Aksi damai, kata Agus Salim, didasari banyak kasus agraria yang terjadi kawasan PT Gunbuster Nikel Industri (GNI) dan PT Agro Nusa Abadi (ANA).
“Kami sebagai pembela hak asasi masyarakat atas keadilan agraria dan sumber daya alam berupaya membela masyarakat atas hak tanah-tanah mereka,” ujarnya ditemui usai dialog.
Ia menyebutkan pada aksi kali ini LBH Morowali Utara fokus pada sengketa agraria yang terjadi di kawasan perkebunan PT ANA. Karena mereka juga membuat laporan pidana dengan membawa bukti-bukti kepemilikan lahan warga.
Latar kasus ini, lanjut Agus Salim, adalah pemberian tali asih oleh PT ANA kepada pemegang SKPT di 2014 silam.

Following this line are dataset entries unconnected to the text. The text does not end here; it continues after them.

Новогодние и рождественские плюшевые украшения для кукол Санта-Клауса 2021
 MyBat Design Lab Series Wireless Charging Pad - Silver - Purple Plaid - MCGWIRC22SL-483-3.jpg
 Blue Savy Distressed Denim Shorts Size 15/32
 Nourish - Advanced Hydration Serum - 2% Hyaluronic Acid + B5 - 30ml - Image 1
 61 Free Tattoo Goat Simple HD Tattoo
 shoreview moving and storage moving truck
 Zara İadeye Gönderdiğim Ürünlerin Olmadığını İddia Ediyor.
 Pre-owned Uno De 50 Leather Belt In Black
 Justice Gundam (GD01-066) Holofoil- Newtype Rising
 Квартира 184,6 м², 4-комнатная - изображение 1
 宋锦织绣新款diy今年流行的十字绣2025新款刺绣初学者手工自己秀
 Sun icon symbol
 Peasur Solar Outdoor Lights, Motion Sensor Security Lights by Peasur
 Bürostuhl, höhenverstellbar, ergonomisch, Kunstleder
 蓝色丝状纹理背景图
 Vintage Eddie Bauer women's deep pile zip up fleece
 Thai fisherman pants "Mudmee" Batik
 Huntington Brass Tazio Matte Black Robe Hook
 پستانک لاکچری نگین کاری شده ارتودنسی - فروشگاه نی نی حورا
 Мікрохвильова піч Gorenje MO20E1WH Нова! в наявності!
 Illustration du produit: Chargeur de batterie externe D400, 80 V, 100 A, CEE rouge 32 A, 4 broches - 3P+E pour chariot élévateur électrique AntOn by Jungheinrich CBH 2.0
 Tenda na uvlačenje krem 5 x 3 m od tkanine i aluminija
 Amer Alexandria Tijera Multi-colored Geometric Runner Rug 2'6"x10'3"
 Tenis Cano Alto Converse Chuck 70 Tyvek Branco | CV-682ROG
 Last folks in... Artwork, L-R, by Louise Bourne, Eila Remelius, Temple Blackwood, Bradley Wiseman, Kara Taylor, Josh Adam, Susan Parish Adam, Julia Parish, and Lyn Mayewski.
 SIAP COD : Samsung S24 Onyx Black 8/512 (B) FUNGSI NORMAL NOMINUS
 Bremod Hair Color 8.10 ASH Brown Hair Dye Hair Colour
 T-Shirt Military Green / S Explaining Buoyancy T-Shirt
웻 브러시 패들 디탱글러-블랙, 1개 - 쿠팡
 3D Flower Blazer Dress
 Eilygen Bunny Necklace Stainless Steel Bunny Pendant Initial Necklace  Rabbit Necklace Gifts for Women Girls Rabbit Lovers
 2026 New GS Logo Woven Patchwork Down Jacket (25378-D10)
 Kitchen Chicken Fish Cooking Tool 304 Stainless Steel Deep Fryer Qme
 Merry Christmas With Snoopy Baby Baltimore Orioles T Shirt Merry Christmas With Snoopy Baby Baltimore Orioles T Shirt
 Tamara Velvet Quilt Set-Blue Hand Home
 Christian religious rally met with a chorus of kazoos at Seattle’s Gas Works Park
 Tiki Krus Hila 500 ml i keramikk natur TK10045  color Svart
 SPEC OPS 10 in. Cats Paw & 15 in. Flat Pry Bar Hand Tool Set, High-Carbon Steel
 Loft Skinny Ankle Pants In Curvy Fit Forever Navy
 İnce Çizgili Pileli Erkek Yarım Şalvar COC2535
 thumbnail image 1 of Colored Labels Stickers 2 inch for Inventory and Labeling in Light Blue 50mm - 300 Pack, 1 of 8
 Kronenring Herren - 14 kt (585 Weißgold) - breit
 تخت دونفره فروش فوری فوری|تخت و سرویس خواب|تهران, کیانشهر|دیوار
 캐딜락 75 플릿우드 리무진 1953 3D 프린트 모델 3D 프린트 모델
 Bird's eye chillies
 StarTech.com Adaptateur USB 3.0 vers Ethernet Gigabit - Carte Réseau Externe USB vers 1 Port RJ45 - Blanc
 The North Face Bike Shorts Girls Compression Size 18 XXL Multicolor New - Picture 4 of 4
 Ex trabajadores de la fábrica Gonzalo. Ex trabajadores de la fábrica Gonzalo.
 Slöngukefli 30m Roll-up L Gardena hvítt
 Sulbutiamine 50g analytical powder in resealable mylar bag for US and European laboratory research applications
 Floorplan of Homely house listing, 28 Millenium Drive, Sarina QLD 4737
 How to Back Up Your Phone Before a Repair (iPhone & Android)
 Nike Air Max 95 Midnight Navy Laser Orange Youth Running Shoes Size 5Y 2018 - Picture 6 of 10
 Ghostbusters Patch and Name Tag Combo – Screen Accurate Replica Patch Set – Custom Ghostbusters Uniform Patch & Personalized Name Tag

Sebab dikemudian hari lahan-lahan itu sudah dikuasai dan tumbuh sawit. Parahnya lagi ada SKPT baru menimpa surat-surat yang lama.
“Sebenarnya tuntuan pemilik lahan adalah kemana hak keperdataan mereka dengan kejadian duplikasi (SKPT) begini. Makanya kami melaporkannya,” jelasnya.
Kepemilikan lahan berdasarkan SKPT, kata Agus Salim, bukan sekedar lembaran kertas. Sebagian warga mendapatkannya dari proses pembelian. Masing-masing pemegannya juga membayar pajak. Bahkan sebelum ada sawit lahan itu juga diolah.
“Disini ada kepolisian, kita menuntut, ayo sidik oknum-oknum yang telah mempermainkan lahan-lahan warga, sebab mereka datang pada saat PT ANA masih hutan, mereka datang bukan merampas, mereka membeli dan mengolah lahannya,” tegasnya.
Setelah laporan pidana dimasukan, Agus Salim memastikan pihaknya juga segera mengajukan gugatan perdata kepada PT ANA. Gugatan ini terkait kerugian pemilik lahan serta legalitas anak perusahan Astra Group itu.
Menurut Agus Salim, PT ANA yang belum mengantongi Hak Guna Usaha (HGU) bahkan mungkin belum memiliki Izin Usaha Perkebunan (IUP) tidak boleh beroperasi. Ketentuan itu berdasarkan keputusan MK Nomor 138/PUU XIII/2015.
Jika terbukti tidak mengantongi kedua legalitas tersebut maka negara dirugikan soal pajak. Pun membayar pajak, Agus Salim mengaku bingung sistem apa yang bisa menerima pembayaran pajak sebuah perusahaan perkebunan tanpa HGU.
Selain itu ia juga menyangsikan keabsahan perusahaan yang tidak punya izin HGU membangun program kerjasama melalui plasma dengan masyarakat. Bahkan program plasma ini diawali dengan kesepakatan tali asih.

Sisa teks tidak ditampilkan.